Are you all as nervous as I am?
I remember how it felt four years ago when Bush got re-elected. My boyfriend and I buried ourselves underneath the bed covers and cried. Like so many others we knew, we swore (but kinda didn’t really mean it) that we were moving to Canada. Then we actually called Canada. We got a recorded message from the government of Canada explaining that they were too swamped with requests. Then I remember just being thoroughly depressed and uncomfortable and angry.

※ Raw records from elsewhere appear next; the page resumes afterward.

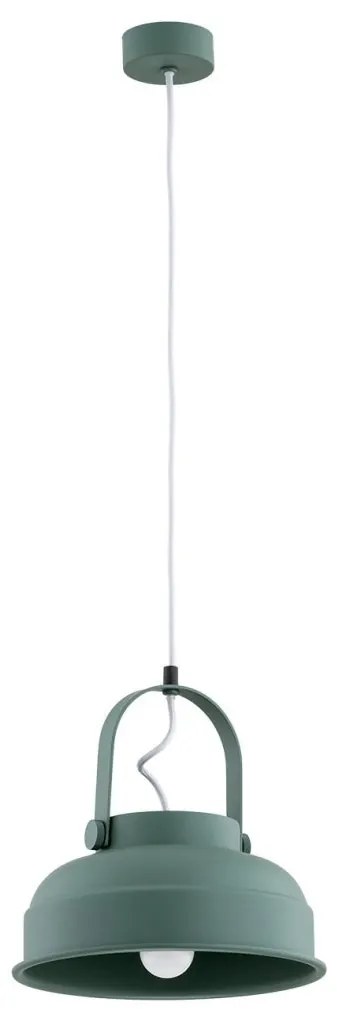 Pendul design modern Dakota verde
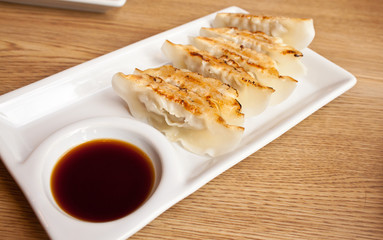 Gyoza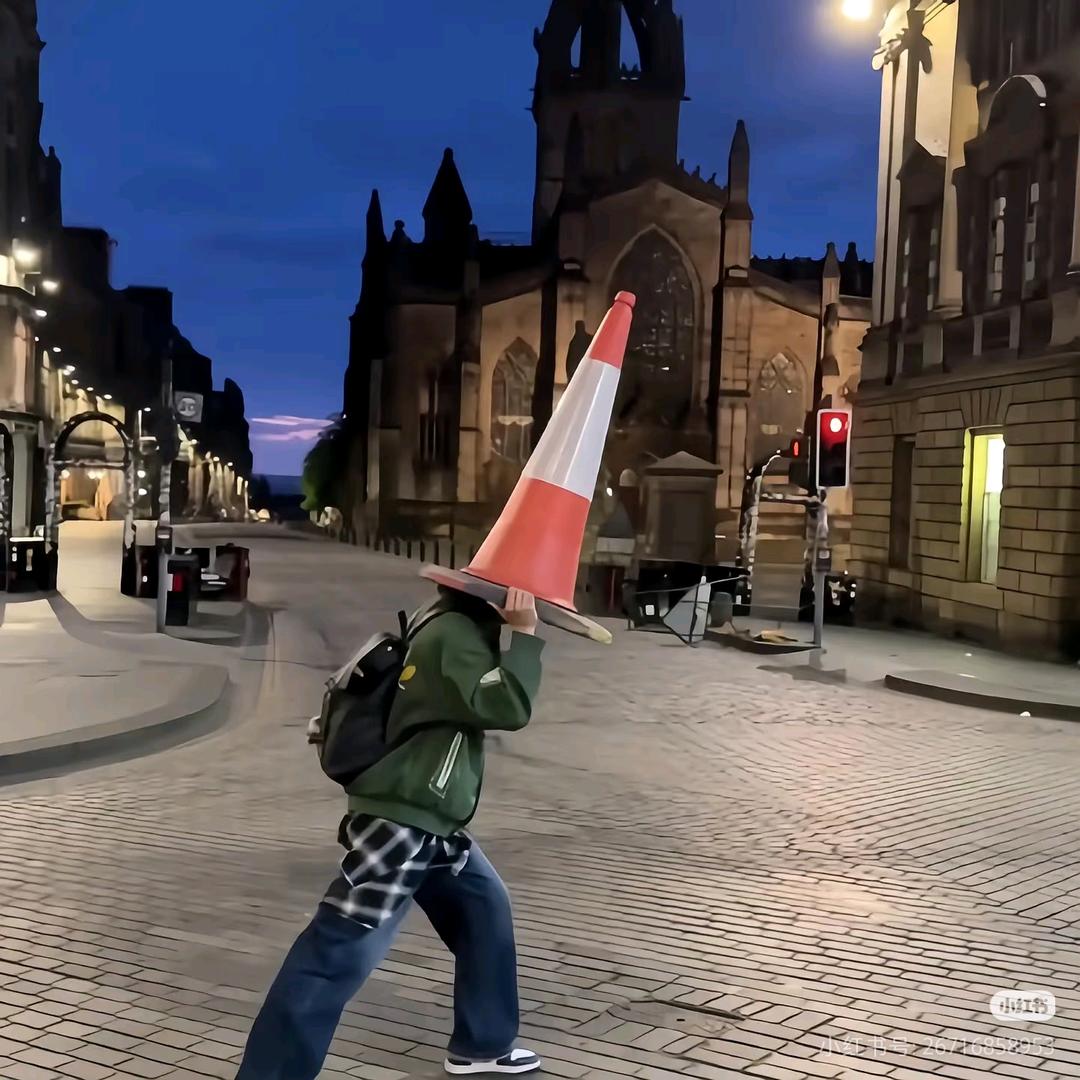 翟乐是谁，哈哈是我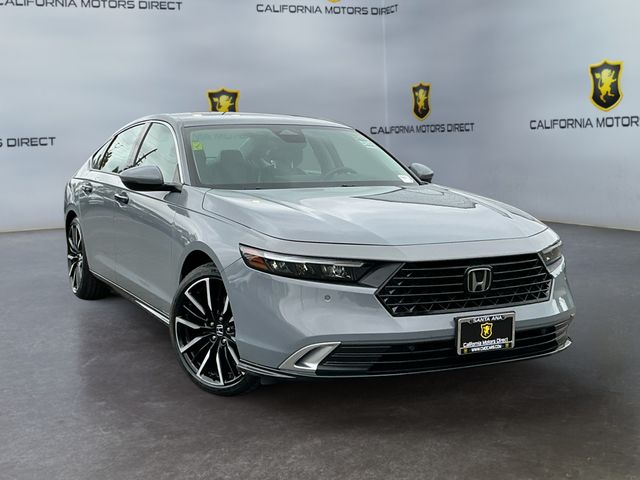 2023 Honda Accord Hybrid Touring
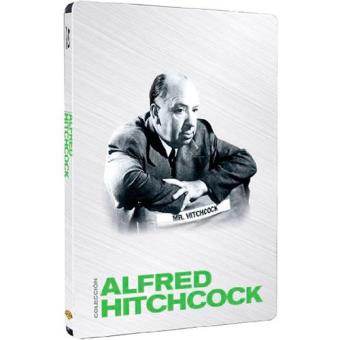 Pack Alfred Hitchcock - Blu-Ray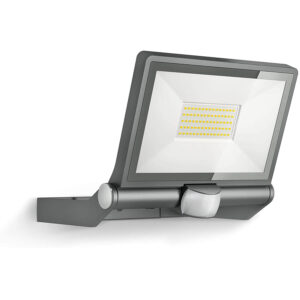 Āra prožektors ar kustību sensoru steinel xled one ‎065270 4400 lm 43.5 w ip 44 balts (copy)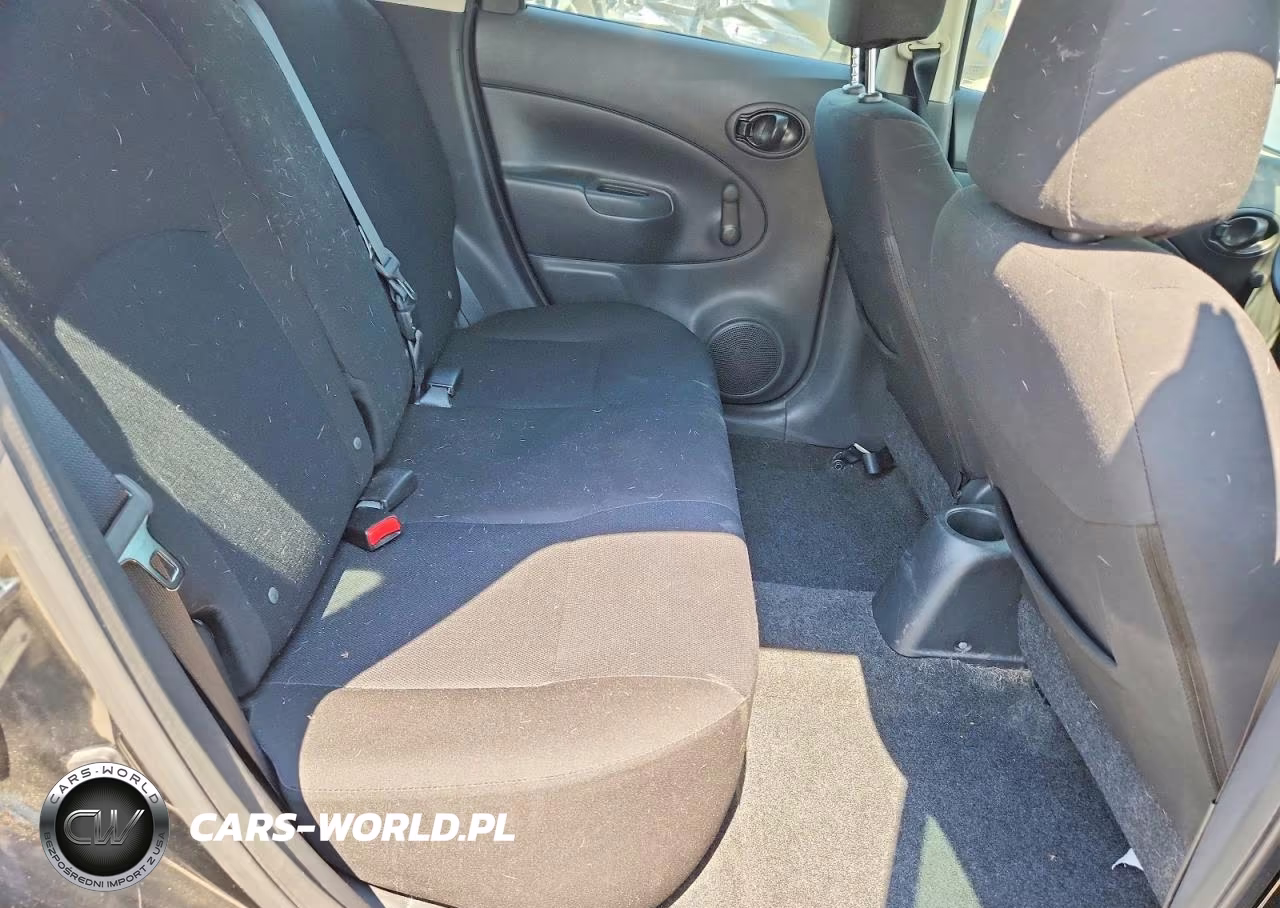 2015 Nissan Versa Note S VIN:3N1CE2CP7FL351733 - 10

I remember eight years ago when Bush first got elected. I volunteered helping to set up all the event barricades in Nashville for what we all just knew was going to be Al Gore’s victory party. I just remember how dejected and defeated we all felt as the horror unfolded – like a balloon that has a slow leak. The UN-reality of the situation hit so hard that everyone was stone silent. I remember one of my friends crying and wringing her hands and saying, “This is soooo bad. Do you all know how bad this is? We’re fucked! We’re really, really fucked.”
And at the time, I really had no idea what she was talking about. But, as I came to realize, she was oh so right.
So, now, I’m nervous. I usually volunteer to work at my local polling place on election day, but I just couldn’t bring myself to sign up this time. I’d rather be out and about in the public arena when I wake up in the morning, watching the media outlets tell the sensational tale in their biased manner. I want to be ready for anything instead of feeling like I just got sucker-punched. Again. This time I at least want to be able to brace myself.
Honestly, like many of you, I’m sitting here thinking, “Will Virginia be the new Ohio or Florida?” I hope not. I fear the ground work for that kind of debacle has already been laid.
Most of all, just get out there and vote. Please. I really do care who you vote for in the end, but I’m not going to get preachy about it. Just vote. Please. I also encourage you to ask to see the roster at your polling place late in the afternoon or early evening. This way, you can see who has not come out to vote yet and you can go knock on the doors of your neighbors who haven’t voted yet, and urge them to do so or help them if they need a ride or other assistance.
And for goodness sake, please be nice to those poll workers. They essentially are volunteers who work a 14-hour day and might get some coffee and donuts for their trouble, but they are too busy to eat anyway. Be compassionate, please.